My mother told me Uncle John was still upset about it years later. When Curly came to Aunt Betty Ann’s funeral visitation, Curly asked me, “Did I ever tell you about Johnny and the snake?” I shushed him and said, “Don’t’ bring it up here!”
Curly spoke at my Uncle John's funeral last year. Uncle John was the last of my folks’ World War II generation in our family. So I'm just returning the favor today.
I’ve known Curly for a third of his life and more than half of mine. He was always great to work with as a news source – and really saved my keyster on one occasion.
I was covering the 2012 Black Hawk County Republican caucuses at Central Middle School, which included appearances by candidates like Mike Huckabee and Ron Paul. But I was cornered by an individual who said he was running for president -- but, clearly, not in this solar system. He might have won a caucus on Mars but not in Black Hawk County, in either major party. And he was long winded.
I had this sinking feeling of missing the overall story and my deadline. But Curly, who had warned me of this gentleman’s approach, got between us, engaged him in conversation and allowed me to escape. Curly may have been a tailback on the East High football team but he definitely knew how to block and I was grateful to him that night.
Anyone who spent any amount of time with Curly will recall that he always ended his telephone conversations with “God bless.” That stuck in my head, and I recalled from my youth that comedian Red Skelton always ended his variety show with those very words – “Good night, and may God bless.” Mr. Skelton was described by one TV critic as “a warrior who fights gloom.”
And doesn’t that apply to our friend Curly!
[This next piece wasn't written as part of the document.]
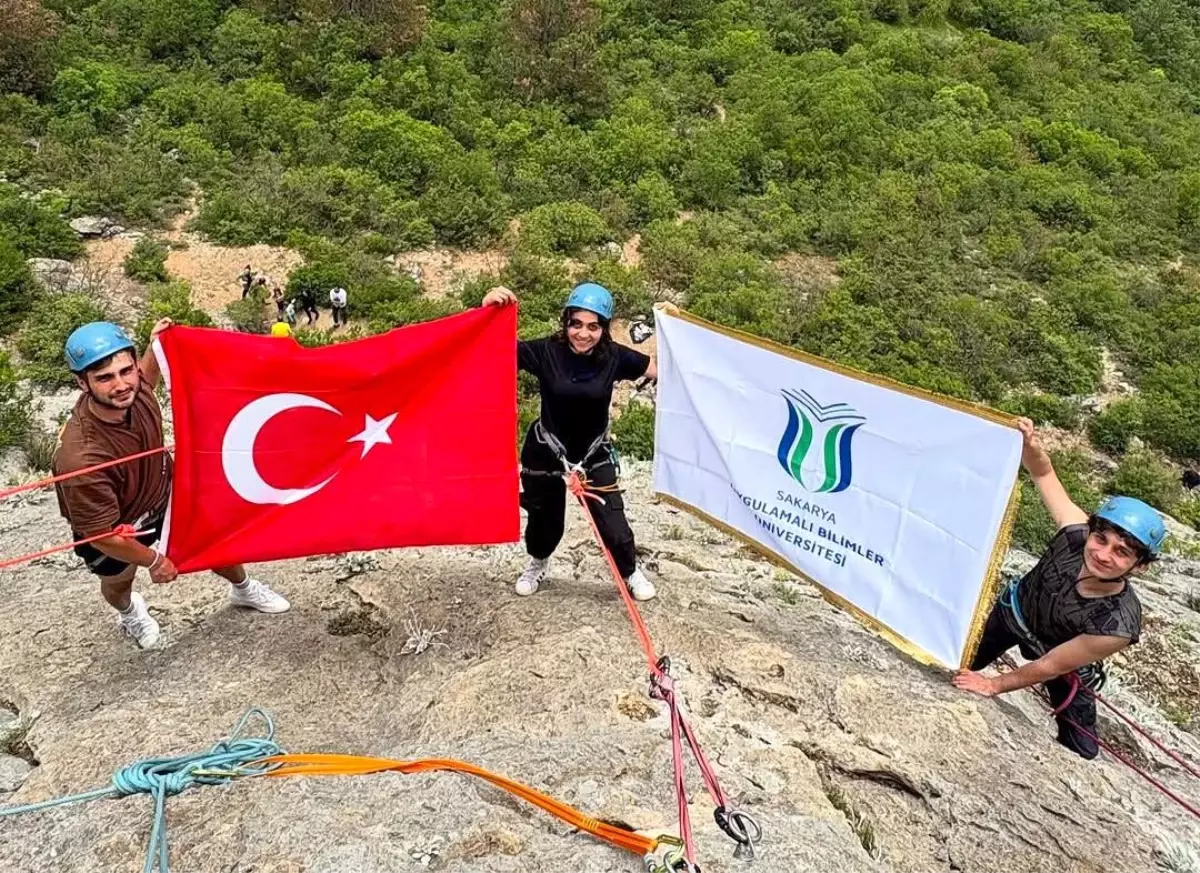 Kaya Tırmanışı Şenliği Geyve'de Düzenlendi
Curly was a warrior who fought gloom and he was a warrior for peace and justice.
As a soldier, he worked with former adversaries — from the Japanese admiral who helped him uncover stockpiles of kamikaze suicide planes and other weaponry for disposal at the end of World War II, to officers of former Warsaw Pact nations and Soviet republics in NATO. His work with the International Confederation of Reserve Officers may have been his crowning achievement.
As a Republican attorney general of Iowa, he worked with Democratic U.S. Attorney General Robert F. Kennedy as the landmark Civil Rights Act of 1964 was being formulated; RFK had sought Curly’s input.
And as a federal prosecutor in the 1970s Curly sought justice for the families of two FBI agents murdered in South Dakota.
In these and other causes, some unpopular then and now, he encountered criticism, even ire, and sometimes was the target of opportunists seeking to impugn his integrity. He was undeterred and motivated by a deep sense of loyalty and conviction.
I saw that firsthand just last year when he caucused for former Arkansas governor Asa Hutchinson, a fellow former U.S. district attorney under President Reagan, who was running for president.
Clearly, Curly was swimming against the tide. But Gov. Hutchinson had called Curly personally, sought his support, and Curly felt honor bound and determined to do just that, even at age 98 and on a beastly cold winter night.
But Curly needed a ride. How could I not oblige? I also saw it as a really good story opportunity for my freelance column. In addition to his considerable political resume, Curly had to have been one of the oldest, if not the oldest, caucus goer in the state that night. And as we know now, it was his last caucus.
As Curly rose and spoke for Gov. Hutchinson before caucus goers at the Columbus High gym, I saw this image: Curly, eloquently speaking to a bleacher section full of attentive and respectful caucus goers – and a large American flag on the wall between them. God couldn’t have given me a better photo opportunity, and you darn well betcha I took the photo.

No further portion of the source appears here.